> RECORD EXTRACTS
# # # #

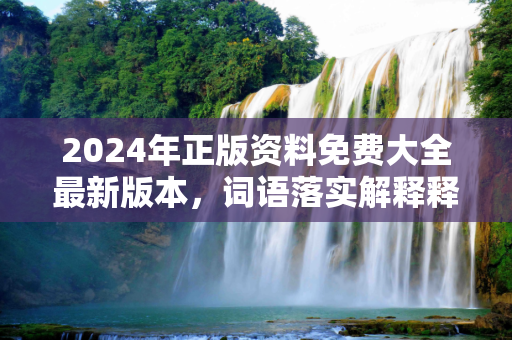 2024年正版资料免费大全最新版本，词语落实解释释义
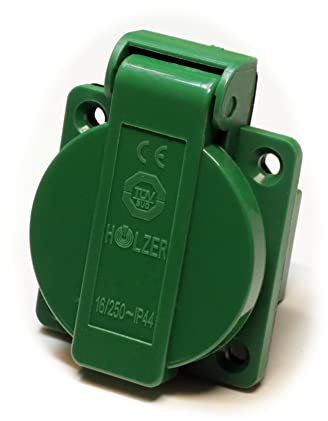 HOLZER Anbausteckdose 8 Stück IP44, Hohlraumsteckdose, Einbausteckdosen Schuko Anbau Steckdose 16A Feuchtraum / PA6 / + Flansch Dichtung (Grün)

# # # #

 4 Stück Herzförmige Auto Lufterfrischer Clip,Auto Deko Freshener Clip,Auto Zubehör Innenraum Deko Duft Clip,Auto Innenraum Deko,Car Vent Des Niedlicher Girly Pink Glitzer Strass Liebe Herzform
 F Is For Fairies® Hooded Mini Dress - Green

# # # #

> WHAT YOU SHOULD DO
Repeat, word for word, the lines of the material above from the one holding "2024年正版资料免费大全最新版本，词语落实解释释义" through the one holding "HOLZER Anbausteckdose 8". Leave out pictures.

> EXERCISE ANSWER
 2024年正版资料免费大全最新版本，词语落实解释释义
 HOLZER Anbausteckdose 8 Stück IP44, Hohlraumsteckdose, Einbausteckdosen Schuko Anbau Steckdose 16A Feuchtraum / PA6 / + Flansch Dichtung (Grün)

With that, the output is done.